Similarly, we also tried some other prediction strategies based on MLR, LLR and ANN. These strategies are listed below:

  • MLR: MLR is applied without selecting descriptors with 10 times 5-fold CV for evaluation.

  • MLR-LOO: MLR is applied without selecting descriptors utilizing LOOV.

  • LLR-ANN: LASSO is used to identify best descriptors, followed by the construction of a prediction function using ANN. This strategy is evaluated by 10 times 5-fold CV. For more details, we refer to [23].

  • LLR-ANN-LOO: LASSO is utilized to identify best descriptors followed by the construction of a prediction function using ANN which is evaluated by LOOV. This strategy is basically a modification of LLR-ANN [23].

  • LLR-LLR: LASSO is utilized for selection of best descriptors and construction of a prediction function. The performance is evaluated by 10 times 5-fold CV. For more details, we refer to [20].

For all these strategies, we use the graph-theoretic descriptors.

Inference phase

Several inverse QSPR models are available in the literature. However, most of these models heavily rely on heuristic algorithms or statistical optimization techniques, which often result in the inference of invalid compounds or compounds that do not attain the desired property value, and hence can be quite computationally expensive. In order to avoid such situations, we simulate the computation process of a prediction function by an MILP formulation due to Zhu et al. [20] to infer chemical graphs with the desired AS. A key advantage of this formulation is that it is feasible if and only if a desired chemical graph exists, implying that the inferred graphs will always be valid and achieve the desired AS. Furthermore, this formulation allows users to specify an abstract structure that is preserved in the inferred graph by using a topological specification. A topological specification is described as a set of following rules:

  1. (i)

    a seed graph \(G_{\mathbb {C}}\) that represents an abstract form of a target chemical graph \({\mathbb {C}}\);

  2. (ii)

    a set \(\mathcal {F}\) of chemical rooted trees that are selected for a tree \({\mathbb {C}}[u]\) with root at each vertex u in the exterior; and

  3. (iii)

    lower and upper bounds for the number of components such as vertices in the interior and double/triple bonds within a target chemical graph \({\mathbb {C}}\).
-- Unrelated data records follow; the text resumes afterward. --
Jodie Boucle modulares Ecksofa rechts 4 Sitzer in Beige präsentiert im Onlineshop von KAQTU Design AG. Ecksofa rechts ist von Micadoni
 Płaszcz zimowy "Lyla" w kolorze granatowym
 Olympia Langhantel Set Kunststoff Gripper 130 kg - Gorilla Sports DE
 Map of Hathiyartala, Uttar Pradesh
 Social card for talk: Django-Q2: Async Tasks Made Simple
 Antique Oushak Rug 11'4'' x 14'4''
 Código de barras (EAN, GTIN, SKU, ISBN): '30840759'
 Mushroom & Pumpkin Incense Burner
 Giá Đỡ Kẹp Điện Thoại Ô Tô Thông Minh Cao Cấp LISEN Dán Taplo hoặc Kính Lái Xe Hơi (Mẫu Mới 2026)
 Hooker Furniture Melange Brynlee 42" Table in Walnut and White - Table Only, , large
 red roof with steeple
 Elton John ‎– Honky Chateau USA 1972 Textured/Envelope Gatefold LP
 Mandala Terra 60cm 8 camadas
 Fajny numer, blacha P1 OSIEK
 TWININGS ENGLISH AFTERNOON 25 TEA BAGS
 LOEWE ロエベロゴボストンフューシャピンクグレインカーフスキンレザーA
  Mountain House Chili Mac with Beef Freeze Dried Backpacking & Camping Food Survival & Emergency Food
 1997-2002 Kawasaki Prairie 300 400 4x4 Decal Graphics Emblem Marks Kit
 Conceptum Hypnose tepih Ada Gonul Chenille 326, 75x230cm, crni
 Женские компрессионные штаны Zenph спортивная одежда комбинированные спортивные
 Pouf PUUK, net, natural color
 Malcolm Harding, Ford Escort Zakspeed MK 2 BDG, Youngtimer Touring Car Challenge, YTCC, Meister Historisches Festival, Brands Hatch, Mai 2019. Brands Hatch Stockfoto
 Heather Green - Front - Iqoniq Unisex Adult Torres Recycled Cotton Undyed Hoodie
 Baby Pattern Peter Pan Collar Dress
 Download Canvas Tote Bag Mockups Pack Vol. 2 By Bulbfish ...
For a given seed graph \(G_{{\mathbb {C}}}\), the formulation constructs the interior of a target chemical graph \({\mathbb {C}}\) by replacing typical edges with paths, and exterior by attaching fringe trees. Figures 4a, 4b illustrate an example of a seed graph \(G_{\mathbb {C}}\) with a typical edge, and a set \(\mathcal {F}\) of chemical rooted trees, respectively. The chemical graph given in Fig. 2a can be obtained from the seed graph \(G_{\mathbb {C}}\) by replacing the typical edge with a path of length 2, and then attaching the fringe trees from \(\mathcal {F}\) accordingly.

Fig. 4
figure 4

a An illustration of seed graph \(G_{\mathbb {C}}\) for chemical graph given in Fig. 2a with a typical edge depicted by a dashed line; b A set \(\mathcal {F} = \{\psi _1, \psi _2, \ldots , \psi _9\}\) of chemical rooted trees, where hydrogen atoms with non-root vertex are omitted

Experimental results and discussion

We implemented and tested the proposed approach on a PC with Processor: Core i3 (2.6 GHz at the maximum) and Memory: 6 GB RAM. In contrast to the existing approaches that are tested on a very limited number of datasets, we collected 29 diverse datasets to demonstrate the usefulness of our approach.

Table 3 Summary of datasets

Datasets: The 29 diverse datasets are: Protac, Alex Manfred, Ran Yalkowsky, Llinas, Water set wide [24], Wassvik, Duffy, Dearden, Huuskonen [9], D5, Jain, Goodman, Wang [8], Boobier, Aqsol, ESOL [14], Bergstrom [25], Grigorev [4], Lovric [6], David [3], Daniel [26], Tang [12], Phys, Ochem, Aqua  [27], Training set [15], Cui [13], Charles N. Lowe [5], and Ademola [28].

Preprocessing: As a preprocessing, some chemical compounds that do not satisfy one of the following conditions are removed: the graph is connected, the number of carbon atoms is at least four, and the number of non-hydrogen neighbors of each atom is at most 4. The compounds that are not available in PubChem database [29] are also removed. A summary of the datasets is given in Table 3. These datasets have size in the range [21, 10343], AS values in the range \([-13.17, 2.14]\), and the number of graph-theoretic descriptors in the range [83, 965].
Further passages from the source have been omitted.